Chao Shen, Yimei Cai, Jialing Li, Chengyong He, Zhenghong Zuo
Journal of environmental sciences (China) 2023 v.124 pp. 76-88
Danio rerio, anilinopyrimidine fungicides, aryl hydrocarbon receptors, developmental toxicity, fruit growing, fungi, genes, light intensity, mepanipyrim, opsin, phototransduction, quantitative polymerase chain reaction, transcriptomics, wavelengths, China
Mepanipyrim, an anilinopyrimidine fungicide, has been extensively used to prevent fungal diseases in fruit culture. Currently, research on mepanipyrim-induced toxicity in organisms is still very scarce, especially visual developmental toxicity. Here, zebrafish larvae were employed to investigate mepanipyrim-induced visual developmental toxicity. Intense light and monochromatic light stimuli-evoked escape experiments were used to investigate vision-guided behaviors. Meanwhile, transcriptomic sequencing and real-time quantitative PCR assays were applied to assess the potential mechanisms of mepanipyrim-induced visual developmental toxicity and vision-guided behavioral alteration. Our results showed that mepanipyrim exposure could induce retinal impairment and vision-guided behavioral alteration in larval zebrafish.
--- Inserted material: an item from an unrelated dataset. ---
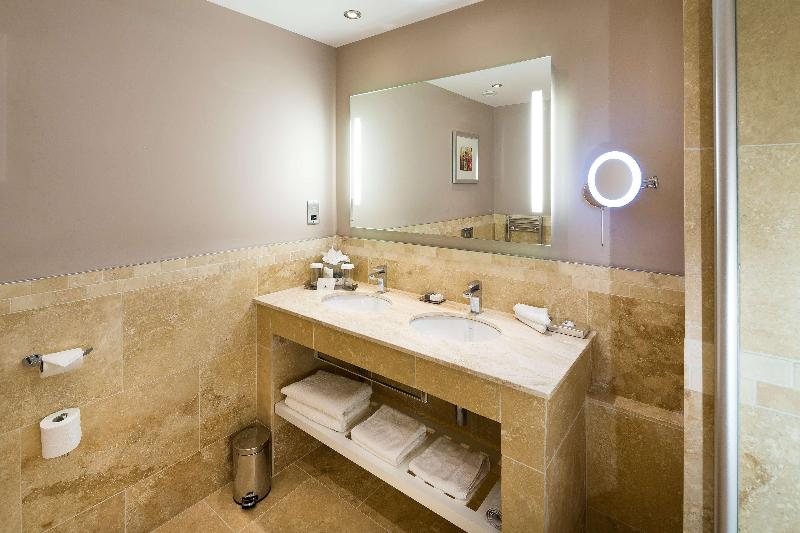 Doubletree by Hilton Milton Keynes - Oda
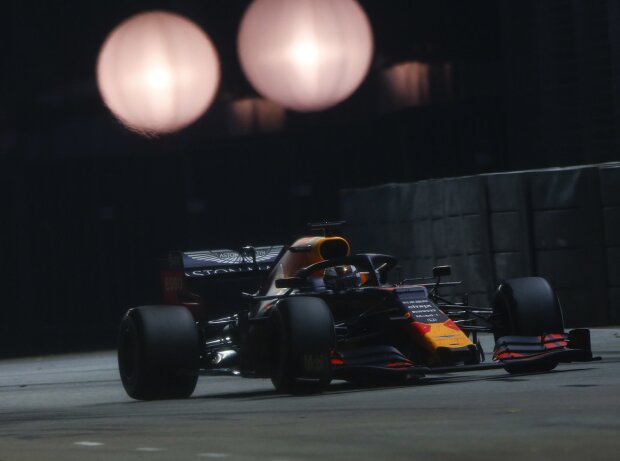 Max Verstappen (Red Bull RB15) beim Formel-1-Rennen in Singapur 2019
In addition, the grk1b gene of the phototransduction signaling pathway was found to be a potential aryl hydrocarbon receptor (AhR)-regulated gene. Mepanipyrim-induced visual developmental toxicity was potentially related to the AhR signaling pathway. Furthermore, mepanipyrim-induced behavioral alteration was guided by the visual function, and the effects of mepanipyrim on long and middle wavelength light-sensitive opsins may be the main cause of vision-guided behavioral alteration. Our results provide insights into understanding the relationship between visual development and vision-guided behaviors induced by mepanipyrim exposure.